— WORK REQUEST —
Please restate the data that follows, leaving every word in place.
————————
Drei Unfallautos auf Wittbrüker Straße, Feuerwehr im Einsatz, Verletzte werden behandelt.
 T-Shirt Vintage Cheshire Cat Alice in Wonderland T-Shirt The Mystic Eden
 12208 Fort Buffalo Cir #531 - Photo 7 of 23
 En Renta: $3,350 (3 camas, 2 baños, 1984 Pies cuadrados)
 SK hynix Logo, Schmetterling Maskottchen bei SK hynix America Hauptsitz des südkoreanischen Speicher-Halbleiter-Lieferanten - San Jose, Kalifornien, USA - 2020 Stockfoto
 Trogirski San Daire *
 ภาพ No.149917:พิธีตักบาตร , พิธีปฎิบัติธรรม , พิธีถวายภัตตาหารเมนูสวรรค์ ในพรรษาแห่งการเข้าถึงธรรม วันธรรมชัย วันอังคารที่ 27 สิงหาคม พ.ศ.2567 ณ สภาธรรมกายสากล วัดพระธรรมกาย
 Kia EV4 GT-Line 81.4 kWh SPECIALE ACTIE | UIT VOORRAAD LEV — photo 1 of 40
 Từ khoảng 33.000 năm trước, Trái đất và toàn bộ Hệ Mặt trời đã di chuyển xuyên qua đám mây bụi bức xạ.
————————
— OUTPUT BELOW —
Drei Unfallautos auf Wittbrüker Straße, Feuerwehr im Einsatz, Verletzte werden behandelt.
 T-Shirt Vintage Cheshire Cat Alice in Wonderland T-Shirt The Mystic Eden
 12208 Fort Buffalo Cir #531 - Photo 7 of 23
 En Renta: $3,350 (3 camas, 2 baños, 1984 Pies cuadrados)
 SK hynix Logo, Schmetterling Maskottchen bei SK hynix America Hauptsitz des südkoreanischen Speicher-Halbleiter-Lieferanten - San Jose, Kalifornien, USA - 2020 Stockfoto
 Trogirski San Daire *
 ภาพ No.149917:พิธีตักบาตร , พิธีปฎิบัติธรรม , พิธีถวายภัตตาหารเมนูสวรรค์ ในพรรษาแห่งการเข้าถึงธรรม วันธรรมชัย วันอังคารที่ 27 สิงหาคม พ.ศ.2567 ณ สภาธรรมกายสากล วัดพระธรรมกาย
 Kia EV4 GT-Line 81.4 kWh SPECIALE ACTIE | UIT VOORRAAD LEV — photo 1 of 40
 Từ khoảng 33.000 năm trước, Trái đất và toàn bộ Hệ Mặt trời đã di chuyển xuyên qua đám mây bụi bức xạ.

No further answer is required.